Capital city house prices finished the financial year with double-digit gains, but the rate of growth is easing.  

Capital city home values rose 10.1 per cent in the 12 months to the end of June, the RP Data Rismark Home Value Index showed on Tuesday.

For the month, prices rose 1.4 per cent after falling 1.9 per cent in May.

The largest gains for the financial year were in Sydney and Melbourne, up 15.4 per cent and 9.4 per cent, respectively.

Hobart had the weakest gains, just 2.5 per cent.

RP Data research director Tim Lawless said looking back at the year, house prices peaked last August when they rose four per cent.
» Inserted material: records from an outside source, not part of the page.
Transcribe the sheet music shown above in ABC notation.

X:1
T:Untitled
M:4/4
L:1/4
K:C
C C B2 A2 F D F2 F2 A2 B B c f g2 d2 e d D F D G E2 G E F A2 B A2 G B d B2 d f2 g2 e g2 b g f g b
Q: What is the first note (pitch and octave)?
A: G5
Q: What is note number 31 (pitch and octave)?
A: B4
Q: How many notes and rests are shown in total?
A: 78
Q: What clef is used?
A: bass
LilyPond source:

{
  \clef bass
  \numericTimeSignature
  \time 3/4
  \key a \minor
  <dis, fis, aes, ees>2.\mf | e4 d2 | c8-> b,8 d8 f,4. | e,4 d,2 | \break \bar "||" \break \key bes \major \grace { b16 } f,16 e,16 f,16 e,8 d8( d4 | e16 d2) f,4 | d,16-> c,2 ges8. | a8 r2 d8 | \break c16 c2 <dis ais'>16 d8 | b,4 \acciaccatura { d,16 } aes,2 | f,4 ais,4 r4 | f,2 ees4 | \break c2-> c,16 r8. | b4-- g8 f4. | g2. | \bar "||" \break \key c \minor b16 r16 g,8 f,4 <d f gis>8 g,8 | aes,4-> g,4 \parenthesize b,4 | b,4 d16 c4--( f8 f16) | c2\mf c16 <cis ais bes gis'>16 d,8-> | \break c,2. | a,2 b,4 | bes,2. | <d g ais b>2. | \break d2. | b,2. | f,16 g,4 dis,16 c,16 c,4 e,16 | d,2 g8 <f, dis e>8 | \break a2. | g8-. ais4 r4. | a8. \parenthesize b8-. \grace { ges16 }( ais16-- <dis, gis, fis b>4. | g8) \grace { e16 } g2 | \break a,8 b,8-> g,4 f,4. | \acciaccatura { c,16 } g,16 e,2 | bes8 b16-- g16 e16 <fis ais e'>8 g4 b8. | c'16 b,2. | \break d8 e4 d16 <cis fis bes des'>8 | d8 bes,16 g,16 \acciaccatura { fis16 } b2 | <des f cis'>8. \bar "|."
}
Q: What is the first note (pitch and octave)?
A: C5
“Since that time the rate of capital gain has generally trended towards a more sustainable level,” he said.

“The slowdown in dwelling value appreciation will be a welcome relief to policy makers and those seeking to buy into the housing market.”

Mr Lawless expects house prices to be well supported because interest rates likely to remain at record low levels.

“The recent volatility in the month-to-month index reading is likely to be a seasonal factor,” he said.

“The last time we saw a negative quarterly movement in our combined capital city index was May last year.”

Sydney once again was the most expensive city with a median dwelling price of $690,000 in May, twice that of Hobart’s $328,250.